== Segment start ==

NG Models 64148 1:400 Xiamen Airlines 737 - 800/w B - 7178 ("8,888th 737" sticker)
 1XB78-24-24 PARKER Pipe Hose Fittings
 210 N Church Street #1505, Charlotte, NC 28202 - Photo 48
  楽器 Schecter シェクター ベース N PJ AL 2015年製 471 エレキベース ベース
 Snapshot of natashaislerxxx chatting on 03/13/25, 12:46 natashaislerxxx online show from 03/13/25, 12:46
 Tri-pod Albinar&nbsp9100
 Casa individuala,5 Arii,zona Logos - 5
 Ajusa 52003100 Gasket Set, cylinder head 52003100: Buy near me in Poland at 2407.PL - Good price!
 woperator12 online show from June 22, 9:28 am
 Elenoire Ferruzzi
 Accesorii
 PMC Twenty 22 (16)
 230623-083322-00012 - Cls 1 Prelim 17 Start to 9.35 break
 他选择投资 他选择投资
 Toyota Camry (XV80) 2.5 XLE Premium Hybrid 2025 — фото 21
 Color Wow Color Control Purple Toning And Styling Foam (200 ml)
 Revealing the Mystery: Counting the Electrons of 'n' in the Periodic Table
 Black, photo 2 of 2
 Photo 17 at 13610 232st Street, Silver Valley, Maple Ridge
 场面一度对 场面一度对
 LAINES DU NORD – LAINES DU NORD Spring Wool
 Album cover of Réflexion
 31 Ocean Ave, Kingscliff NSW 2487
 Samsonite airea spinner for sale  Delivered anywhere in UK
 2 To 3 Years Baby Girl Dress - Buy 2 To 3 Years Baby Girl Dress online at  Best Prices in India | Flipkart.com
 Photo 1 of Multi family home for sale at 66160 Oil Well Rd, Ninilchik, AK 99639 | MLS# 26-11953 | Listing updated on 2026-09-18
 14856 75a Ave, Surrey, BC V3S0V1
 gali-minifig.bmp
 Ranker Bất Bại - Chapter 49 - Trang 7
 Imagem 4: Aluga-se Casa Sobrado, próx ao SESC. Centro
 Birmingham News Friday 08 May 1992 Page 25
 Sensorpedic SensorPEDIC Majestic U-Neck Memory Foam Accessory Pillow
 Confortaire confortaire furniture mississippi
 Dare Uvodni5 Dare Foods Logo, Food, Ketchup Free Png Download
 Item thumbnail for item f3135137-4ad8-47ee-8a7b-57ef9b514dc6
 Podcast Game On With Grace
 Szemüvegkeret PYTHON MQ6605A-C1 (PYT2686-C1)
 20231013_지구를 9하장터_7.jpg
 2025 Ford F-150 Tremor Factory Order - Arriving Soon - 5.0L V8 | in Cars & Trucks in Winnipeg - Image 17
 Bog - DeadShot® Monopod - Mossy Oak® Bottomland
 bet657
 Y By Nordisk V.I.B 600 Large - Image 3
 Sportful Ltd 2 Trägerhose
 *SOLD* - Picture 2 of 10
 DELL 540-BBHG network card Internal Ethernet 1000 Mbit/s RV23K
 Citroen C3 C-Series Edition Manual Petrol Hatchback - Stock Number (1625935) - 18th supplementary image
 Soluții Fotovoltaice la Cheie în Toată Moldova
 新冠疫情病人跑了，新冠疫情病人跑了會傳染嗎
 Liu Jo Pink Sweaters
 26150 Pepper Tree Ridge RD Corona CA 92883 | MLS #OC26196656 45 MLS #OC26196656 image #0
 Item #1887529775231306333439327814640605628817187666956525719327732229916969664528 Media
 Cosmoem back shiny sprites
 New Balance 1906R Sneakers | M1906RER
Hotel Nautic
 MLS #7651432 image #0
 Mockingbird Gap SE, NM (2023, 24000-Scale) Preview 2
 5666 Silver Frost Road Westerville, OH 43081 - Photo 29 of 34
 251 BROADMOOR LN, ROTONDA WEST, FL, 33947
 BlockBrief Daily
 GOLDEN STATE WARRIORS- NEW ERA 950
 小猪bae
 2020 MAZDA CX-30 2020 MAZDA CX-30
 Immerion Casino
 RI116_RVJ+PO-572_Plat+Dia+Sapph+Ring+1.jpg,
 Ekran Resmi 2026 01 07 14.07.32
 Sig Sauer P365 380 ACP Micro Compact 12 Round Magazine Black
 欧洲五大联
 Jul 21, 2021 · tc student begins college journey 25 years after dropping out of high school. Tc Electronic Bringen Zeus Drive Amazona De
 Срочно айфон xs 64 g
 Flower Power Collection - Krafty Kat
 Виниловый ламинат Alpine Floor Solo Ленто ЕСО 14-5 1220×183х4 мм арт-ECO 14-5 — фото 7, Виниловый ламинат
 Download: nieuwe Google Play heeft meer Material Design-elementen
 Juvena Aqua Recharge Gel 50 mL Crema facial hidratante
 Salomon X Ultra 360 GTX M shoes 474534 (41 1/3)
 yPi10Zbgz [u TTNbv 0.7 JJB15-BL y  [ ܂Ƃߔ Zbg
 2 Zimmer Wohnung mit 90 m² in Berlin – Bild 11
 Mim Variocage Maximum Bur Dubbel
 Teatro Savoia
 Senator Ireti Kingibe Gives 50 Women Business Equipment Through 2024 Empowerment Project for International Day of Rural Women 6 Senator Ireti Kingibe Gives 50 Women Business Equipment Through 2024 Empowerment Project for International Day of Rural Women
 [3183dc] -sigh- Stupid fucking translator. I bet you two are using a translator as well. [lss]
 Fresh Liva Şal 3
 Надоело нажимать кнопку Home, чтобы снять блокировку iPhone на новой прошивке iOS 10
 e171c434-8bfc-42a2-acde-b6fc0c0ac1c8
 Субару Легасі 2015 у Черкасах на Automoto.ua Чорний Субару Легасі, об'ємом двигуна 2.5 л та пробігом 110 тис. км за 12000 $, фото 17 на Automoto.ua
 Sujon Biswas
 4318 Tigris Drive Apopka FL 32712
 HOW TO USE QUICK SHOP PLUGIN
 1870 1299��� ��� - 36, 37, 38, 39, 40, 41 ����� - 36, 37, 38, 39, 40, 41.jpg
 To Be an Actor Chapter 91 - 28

== Segment end ==

What needs to be done
Using the entries shown above, reproduce verbatim the lines from the line bearing "BlockBrief Daily" to the line bearing "Teatro Savoia", inclusive.

Result of this task
 BlockBrief Daily
 GOLDEN STATE WARRIORS- NEW ERA 950
 小猪bae
 2020 MAZDA CX-30 2020 MAZDA CX-30
 Immerion Casino
 RI116_RVJ+PO-572_Plat+Dia+Sapph+Ring+1.jpg,
 Ekran Resmi 2026 01 07 14.07.32
 Sig Sauer P365 380 ACP Micro Compact 12 Round Magazine Black
 欧洲五大联
 Jul 21, 2021 · tc student begins college journey 25 years after dropping out of high school. Tc Electronic Bringen Zeus Drive Amazona De
 Срочно айфон xs 64 g
 Flower Power Collection - Krafty Kat
 Виниловый ламинат Alpine Floor Solo Ленто ЕСО 14-5 1220×183х4 мм арт-ECO 14-5 — фото 7, Виниловый ламинат
 Download: nieuwe Google Play heeft meer Material Design-elementen
 Juvena Aqua Recharge Gel 50 mL Crema facial hidratante
 Salomon X Ultra 360 GTX M shoes 474534 (41 1/3)
 yPi10Zbgz [u TTNbv 0.7 JJB15-BL y  [ ܂Ƃߔ Zbg
 2 Zimmer Wohnung mit 90 m² in Berlin – Bild 11
 Mim Variocage Maximum Bur Dubbel
 Teatro Savoia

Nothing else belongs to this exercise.